WHAT TO PRODUCE >>
Identify the line with "Ukulele Swim Shorts"; copy word for word that line and every one after it, to the end of the listing. Exclude pictures.

EXERCISE DATA >>
● ● ● ● ●

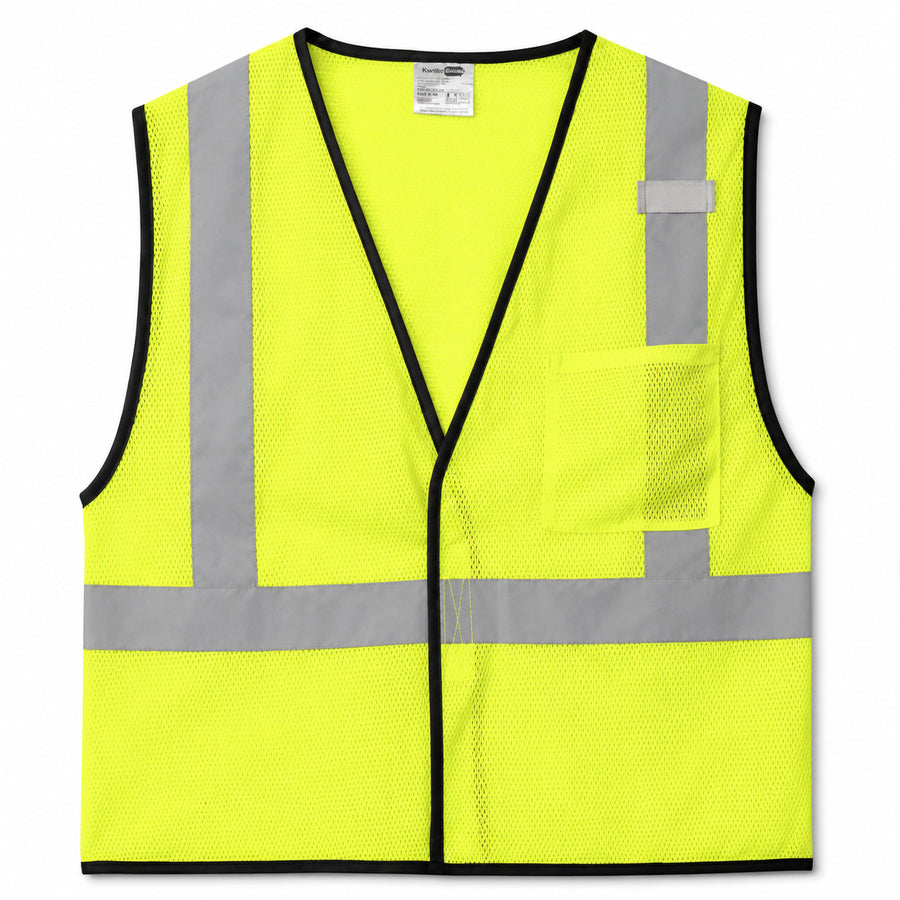 Custom CornerStone® ANSI 107 Class 2 Vest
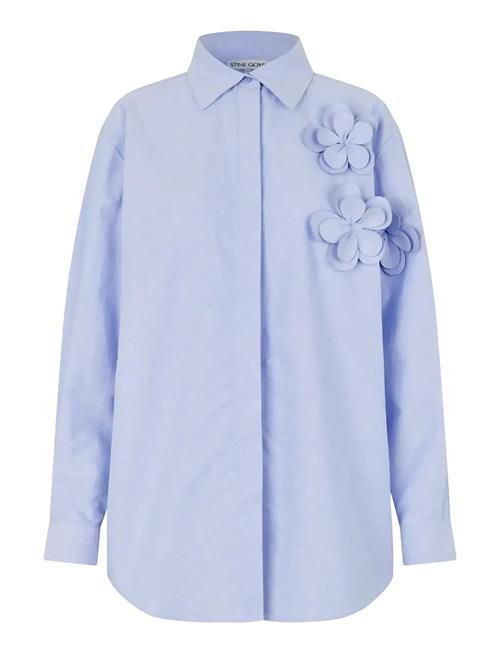 STINE GOYA | Floral Shirting, Floral Shirt | S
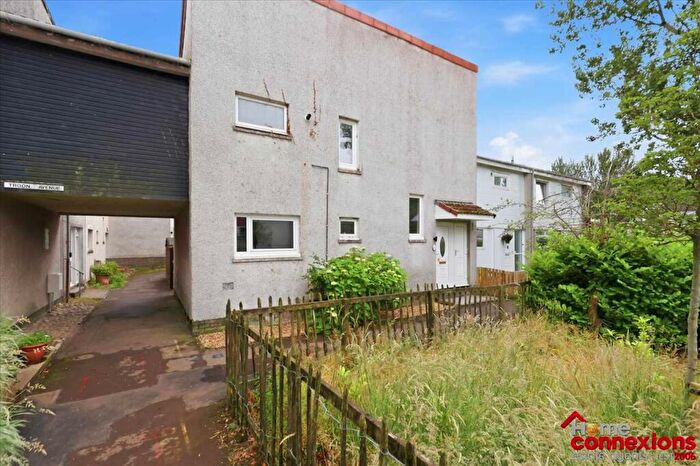 4 Bedroom Terraced House For Sale In Troon Avenue, Greenhills, East Kilbride, G75
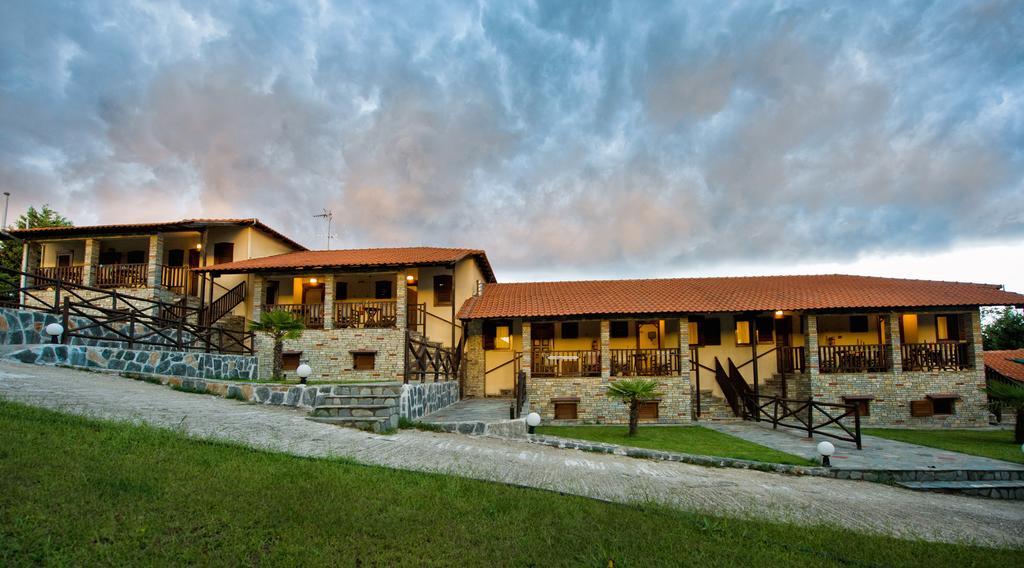 Panorama Studios Ierissos Exterior photo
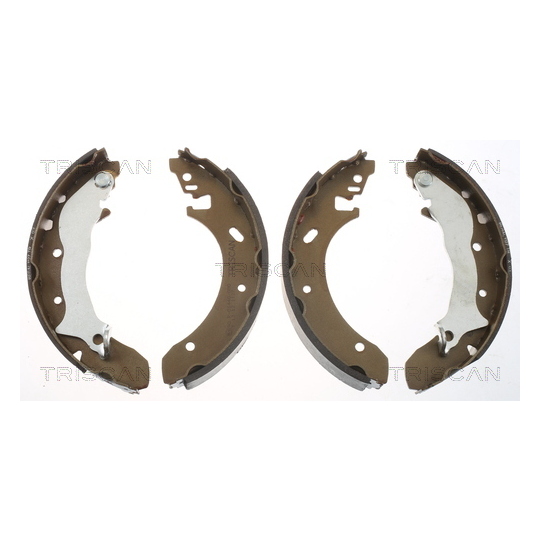 8100 16559 - Brake Shoe Set 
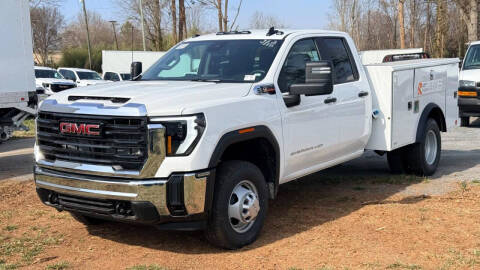 2026 GMC Sierra 3500HD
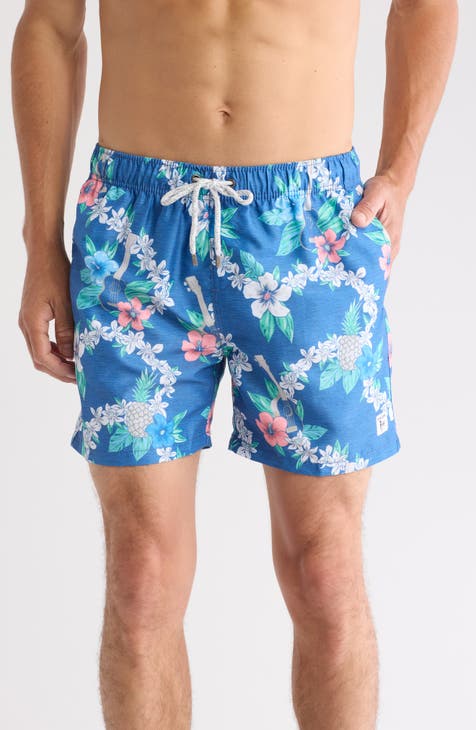 Ukulele Swim Shorts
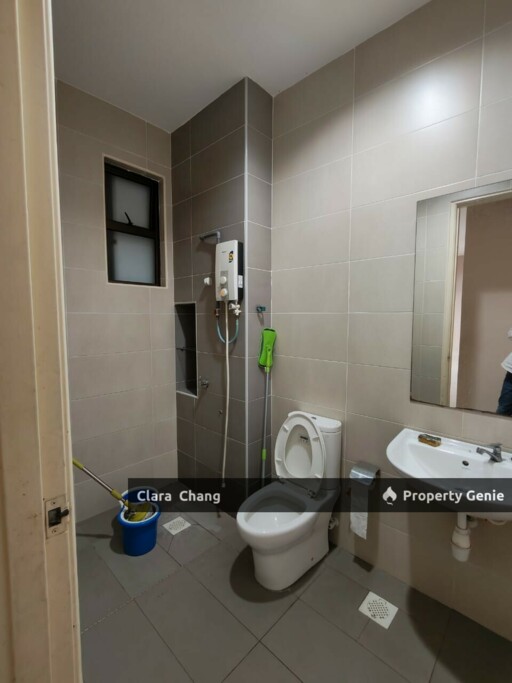 Taman Kluang Indah Double Storey Link Bungalow House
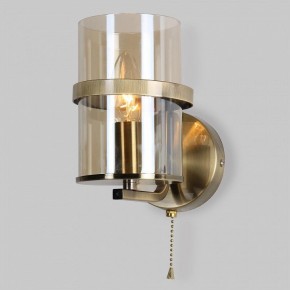 Бра Eurosvet Coppa 60085/1 античная бронза в Салехарде - salekhard.mebel24.online | фото 2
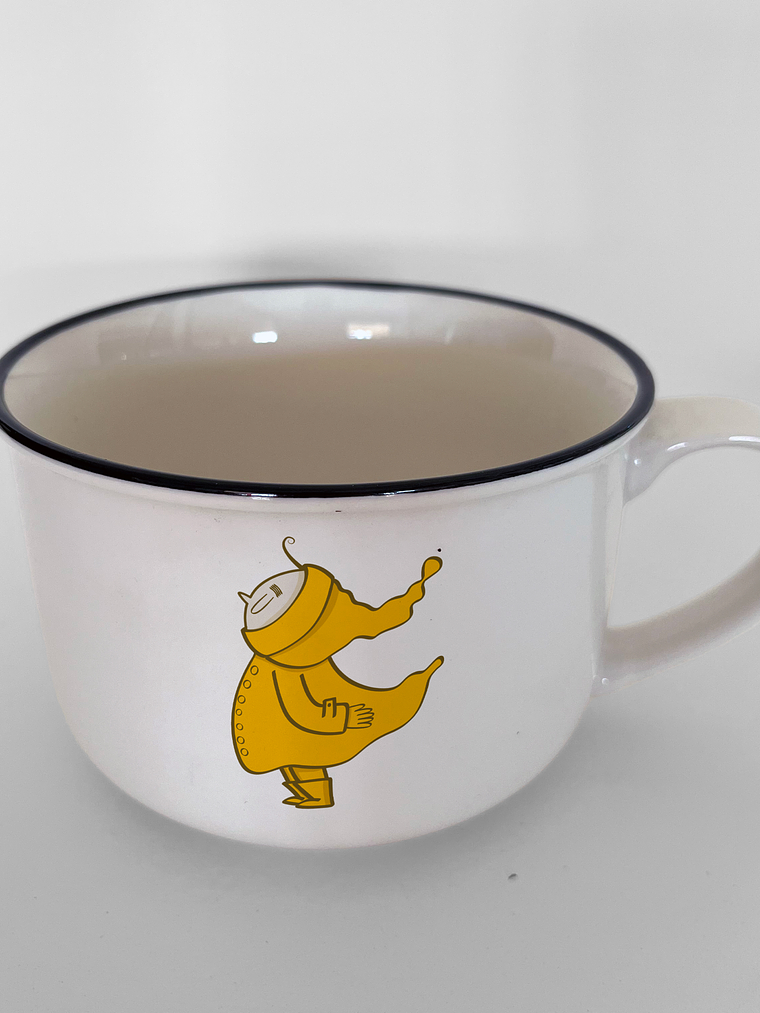 Tazón Lluvia / 12 oz 1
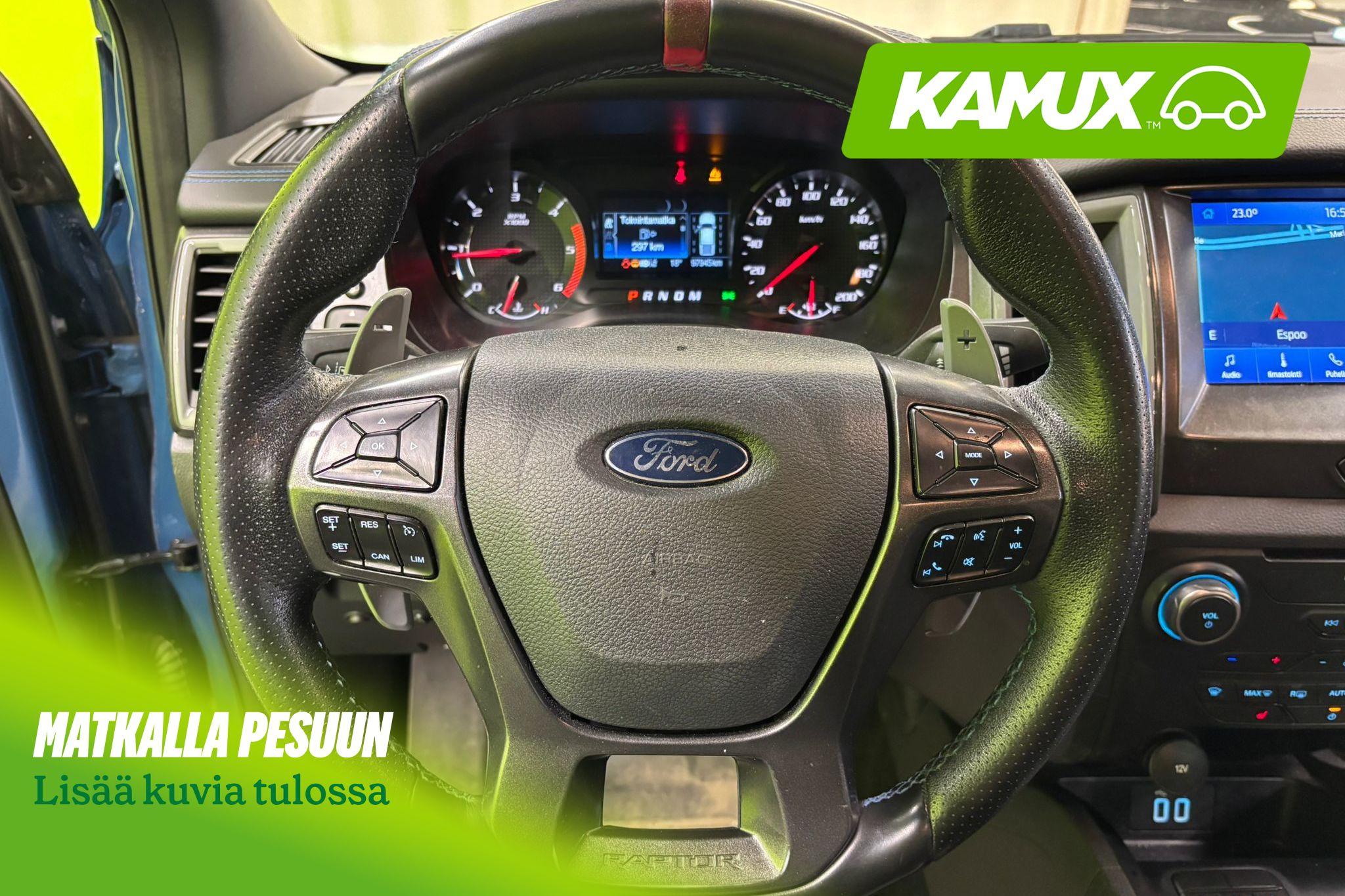 Ford Ranger 2021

● ● ● ● ●

ANSWER FOR THE TASK >>
 Ukulele Swim Shorts
 Taman Kluang Indah Double Storey Link Bungalow House
 Бра Eurosvet Coppa 60085/1 античная бронза в Салехарде - salekhard.mebel24.online | фото 2
 Tazón Lluvia / 12 oz 1
 Ford Ranger 2021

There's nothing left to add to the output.